Nationally, electricity demand remained flat compared to 2013. Residential and commercial demand rose slightly driven in part by the extreme weather in the first quarter, while industrial demand declined. Energy efficiency measures and growth in behind-the-meter generation, such as rooftop solar, helped moderate the growth in electricity demand at utilities.
Compared to last winter, natural gas prices this winter have been lower and less volatile, notwithstanding the fact that natural gas demand in January and February 2015 was 2% higher than for the same period in 2014. Driving this increase was a 13% jump in gas used for power generation. Yet, despite higher demand, natural gas prices had fewer and smaller spikes than in 2014.

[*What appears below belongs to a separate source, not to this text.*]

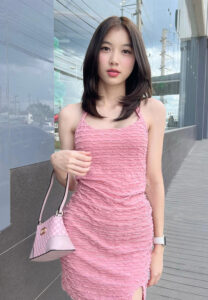 ดรีม-เดรสชมพู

The Henry Hub spot price averaged $2.91/MMBtu for January and February 2015, down 44% from the same period in 2014. Prices at major hubs throughout the country were lower than last year. January and February prices in 2015 were below 2014 by an average of 41% in both Boston and New York City, 46% in Southern California, and 65% in Chicago. Several factors accounted for the lower prices and lower peaks, including increased production, new pipeline capacity moving supplies from producing to market areas, fewer and less widespread pipeline disruptions, and better gas-electric coordination.

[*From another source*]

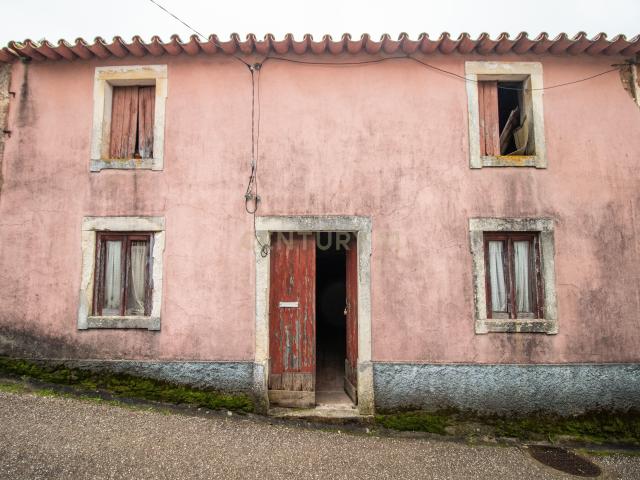 Moradia com terreno para reabilitação em Piquete, Soure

In addition, imports into Northeast liquefied natural gas (LNG) terminals, including Cove Point in Maryland, and Everett and Northeast Gateway near Boston, averaged 94 Bcfd this winter, 45% above the 2013-2014 winter. Furthermore, this past winter the incidences of extreme cold weather came later in the season, when storage inventories were still robust and market participants were less concerned about having sufficient supplies to see them through spring, said the report.
FERC’s Office of Enforcement’s Division of Energy Market Oversight presented this 2014 State of the Markets Report at the commission’s March 19 meeting.